-- Opening Marker --

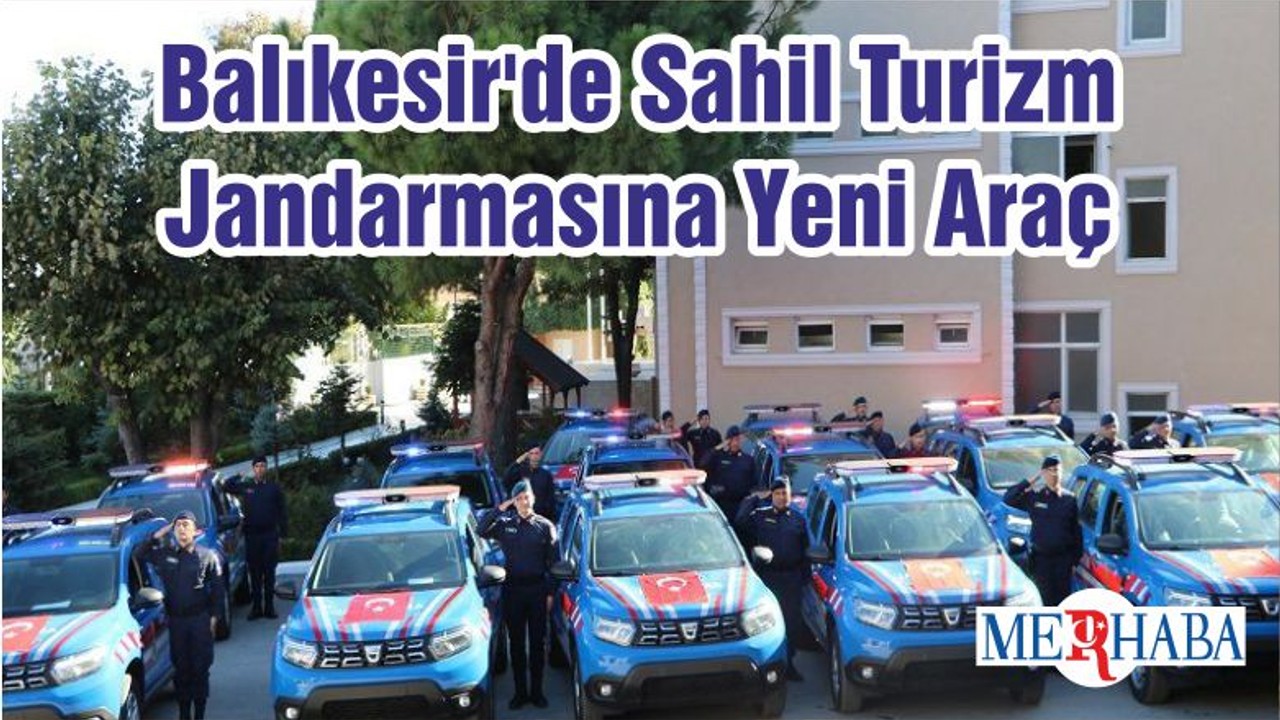Balıkesir'de Sahil Turizm Jandarmasına Yeni Araç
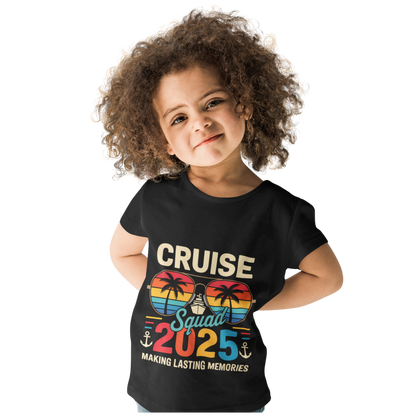 Kids Tee - Cruise Squad 2025 Making Lasting Memories - Family and Friends Adventure
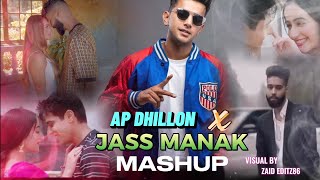 Ap Dhillon X Jass Manak - Mashup | Excuses X Butterfly X Saada Pyaar X Suit Punjabi | Zaid Editz86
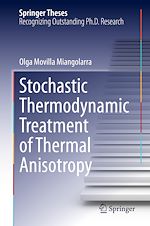 Télécharger le livre :  Stochastic Thermodynamic Treatment of Thermal Anisotropy
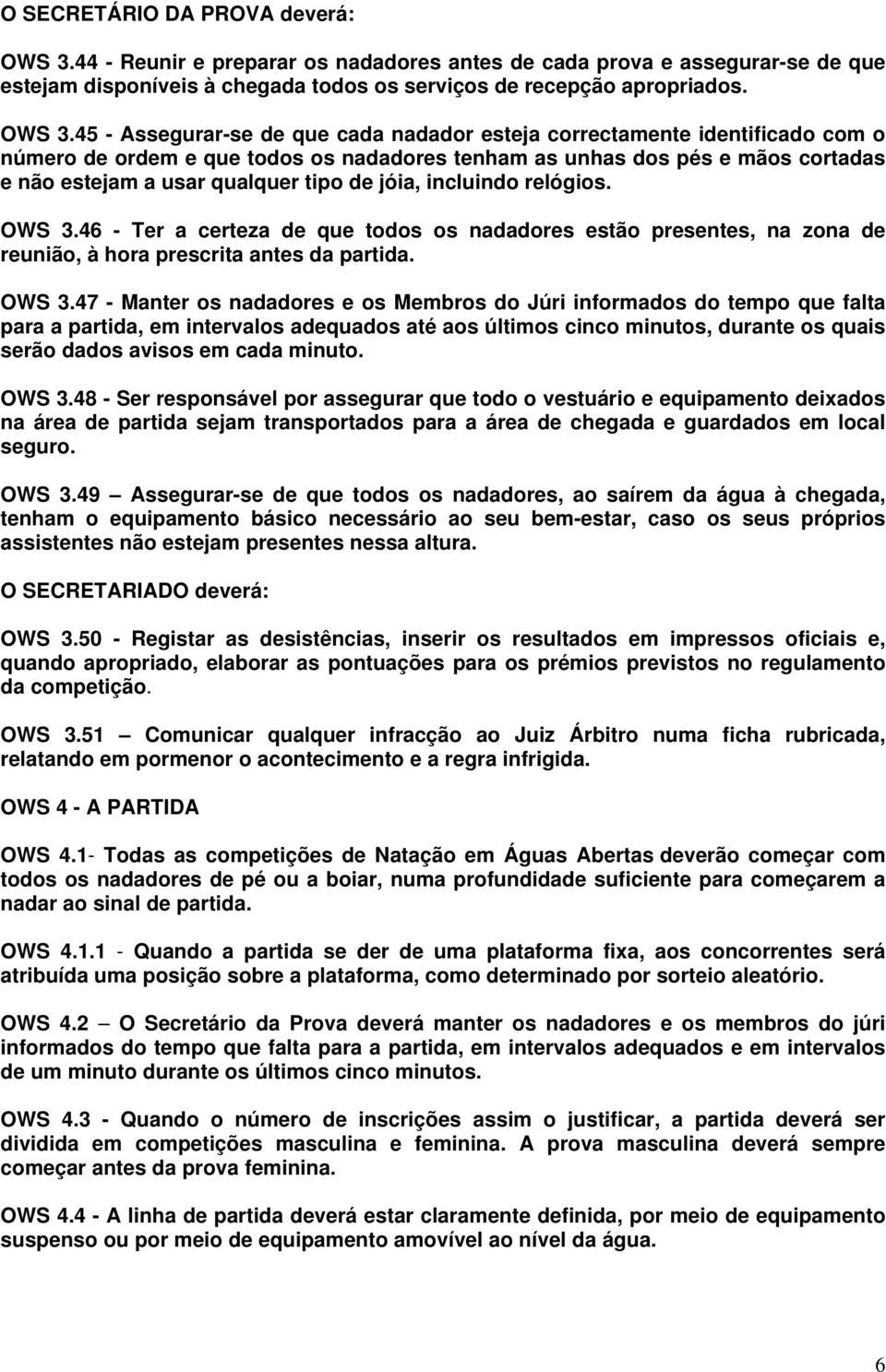 45 - Assegurar-se de que cada nadador esteja correctamente identificado com o número de ordem e que todos os nadadores tenham as unhas dos pés e mãos cortadas e não estejam a usar qualquer tipo de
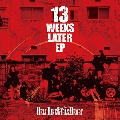 13 WEEKS LATER EP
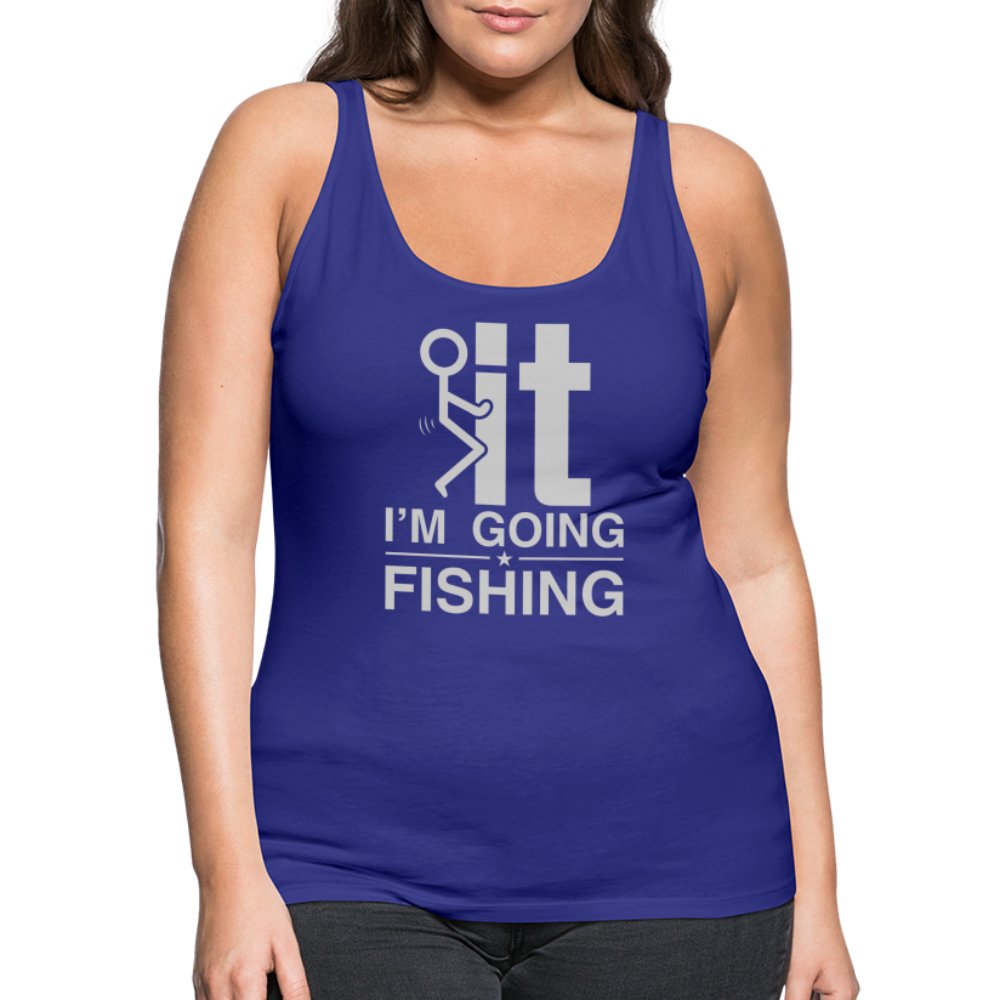 F It I'm Going Fishing Women’s Premium Tank Top - royal blue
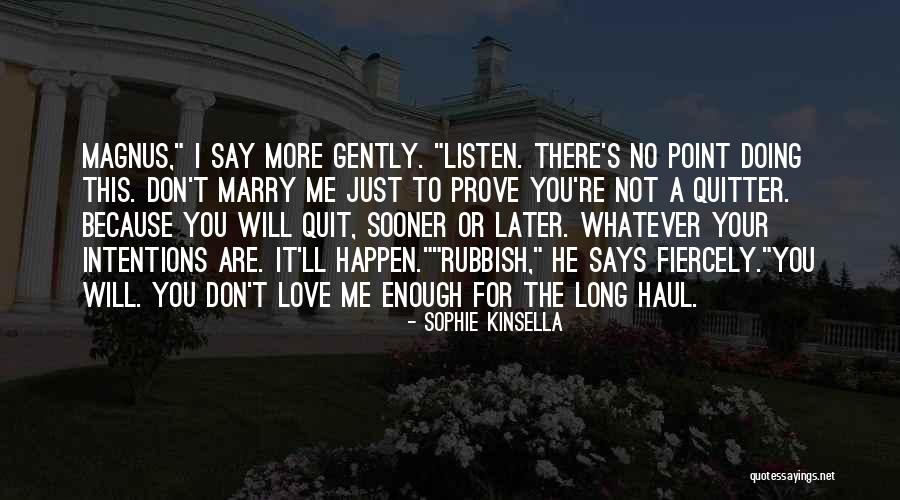 Not Quitter Quotes By Sophie Kinsella Not Quitter Quotes By Sophie Kinsella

-- Closing Marker --

EXERCISE BRIEF -
Both the line containing "13 WEEKS LATER EP" and the last line of the listing above belong in the copy, along with every line between them; retype them exactly and omit the pictures.

FINAL ANSWER -
 13 WEEKS LATER EP
 F It I'm Going Fishing Women’s Premium Tank Top - royal blue
 Not Quitter Quotes By Sophie Kinsella Not Quitter Quotes By Sophie Kinsella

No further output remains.